The most important code part is:

Mat pano;
Ptr<Stitcher> stitcher = Stitcher::create(mode, try_use_gpu);
Stitcher::Status status = stitcher->stitch(imgs, pano);
if (status != Stitcher::OK)
{
cout << "Can't stitch images, error code = " << int(status) << endl;
return -1;
}

A new instance of stitcher is created and the cv::Stitcher::stitch will do all the hard work.

cv::Stitcher::create can create stitcher in one of the predefined configurations (argument mode). See cv::Stitcher::Mode for details. These configurations will setup multiple stitcher properties to operate in one of predefined scenarios. After you create stitcher in one of predefined configurations you can adjust stitching by setting any of the stitcher properties.

If you have cuda device cv::Stitcher can be configured to offload certain operations to GPU. If you prefer this configuration set try_use_gpu to true. OpenCL acceleration will be used transparently based on global OpenCV settings regardless of this flag.

Stitching might fail for several reasons, you should always check if everything went good and resulting pano is stored in pano.
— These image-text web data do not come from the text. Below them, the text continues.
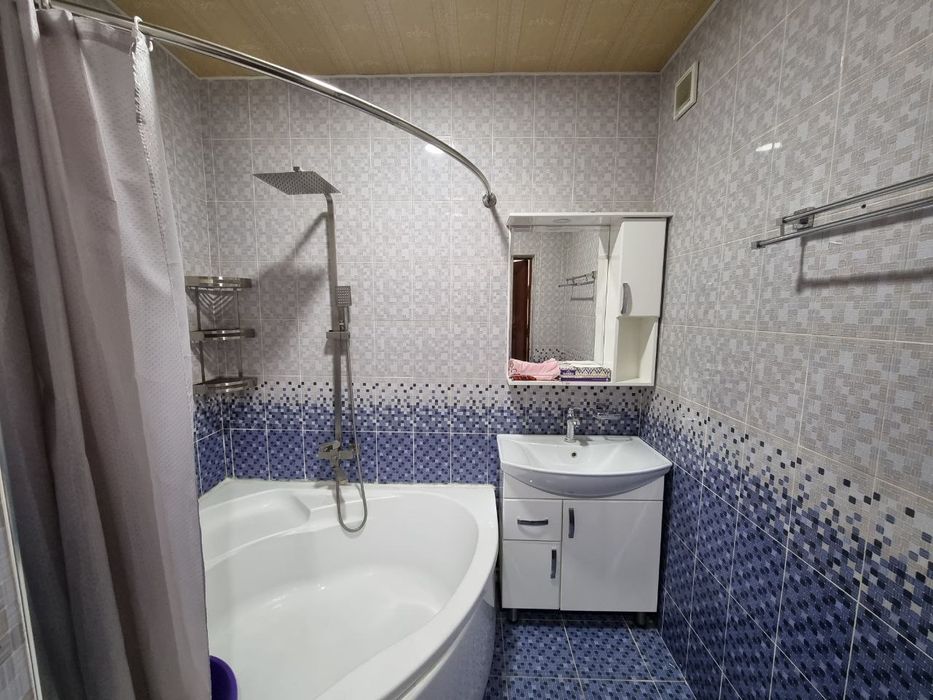 Sergeli 5-BEKAT ! O'gil bola kerak !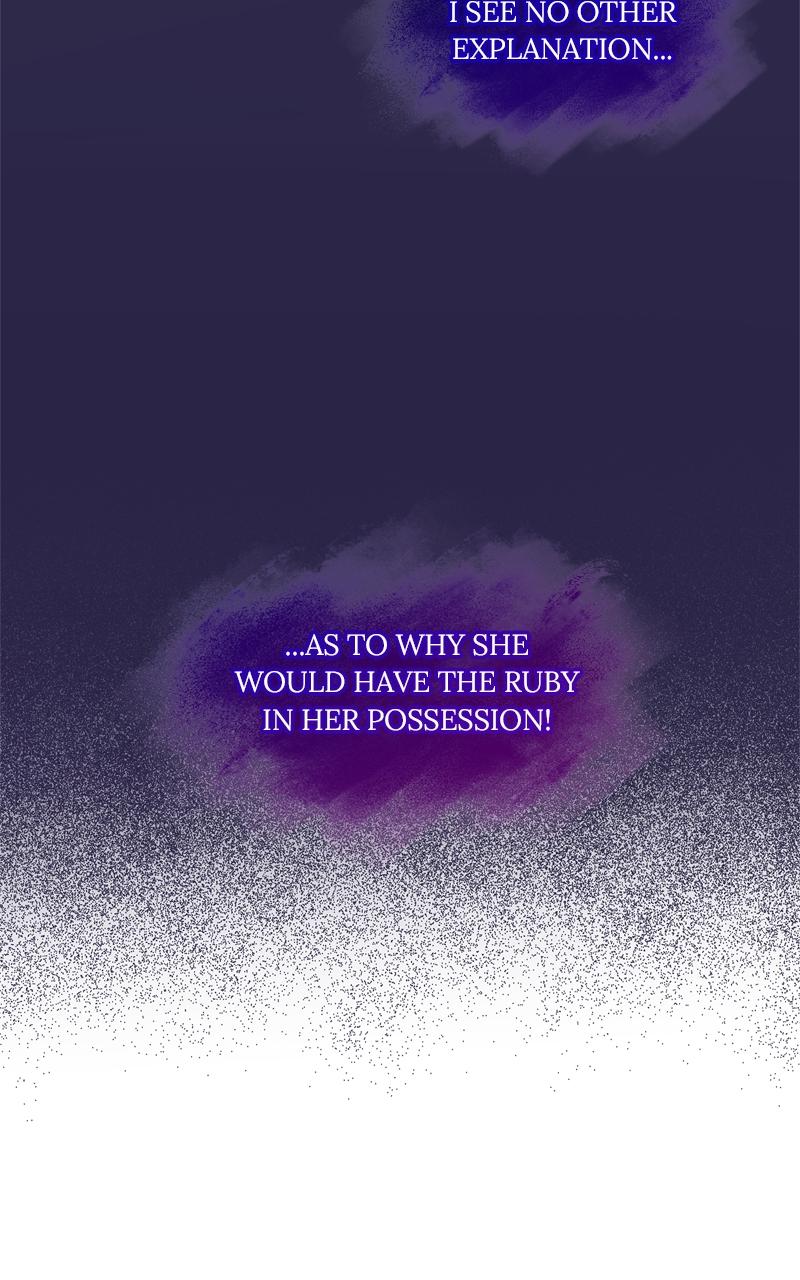 I'm the Queen in This Life Chap 44 - Next Chap 45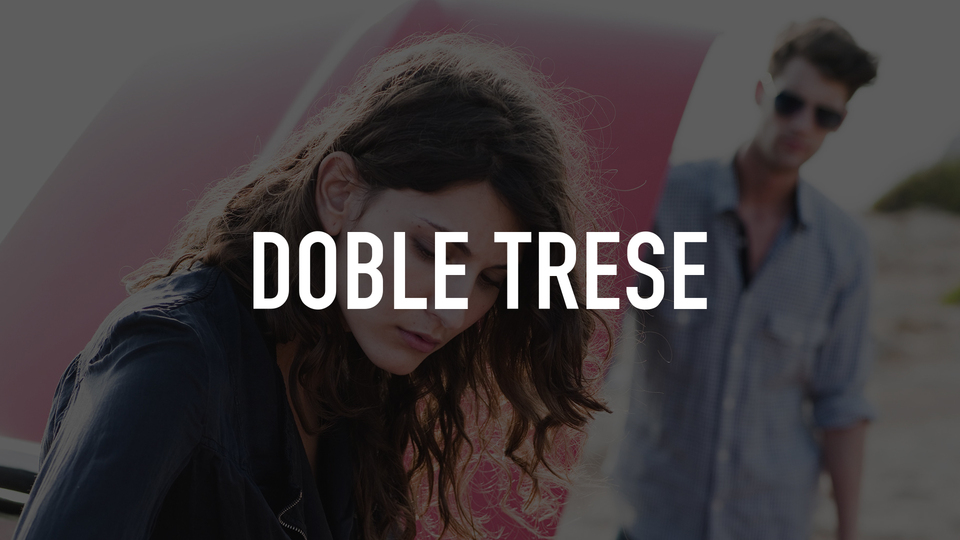 Doble Trese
See cv::Stitcher::Status documentation for possible error codes.

Camera models

There are currently 2 camera models implemented in stitching pipeline.

Homography model is useful for creating photo panoramas captured by camera, while affine-based model can be used to stitch scans and object captured by specialized devices.

Note
Certain detailed settings of cv::Stitcher might not make sense. Especially you should not mix classes implementing affine model and classes implementing Homography model, as they work with different transformations.

Try it out

If you enabled building samples you can found binary under build/bin/cpp-example-stitching. This example is a console application, run it without arguments to see help. opencv_extra provides some sample data for testing all available configurations.

to try panorama mode run:

./cpp-example-stitching --mode panorama <path to opencv_extra>/testdata/stitching/boat*
boat.jpg

to try scans mode run (dataset from home-grade scanner):

./cpp-example-stitching --mode scans <path to opencv_extra>/testdata/stitching/newspaper*
newspaper.jpg

or (dataset from professional book scanner):

./cpp-example-stitching --mode scans <path to opencv_extra>/testdata/stitching/budapest*
budapest.jpg
Note
Examples above expects POSIX platform, on windows you have to provide all files names explicitly (e.g. boat1.jpg boat2.jpg...) as windows command line does not support * expansion.

See also

If you want to study internals of the stitching pipeline or you want to experiment with detailed configuration see stitching_detailed.cpp in opencv/samples/cpp folder.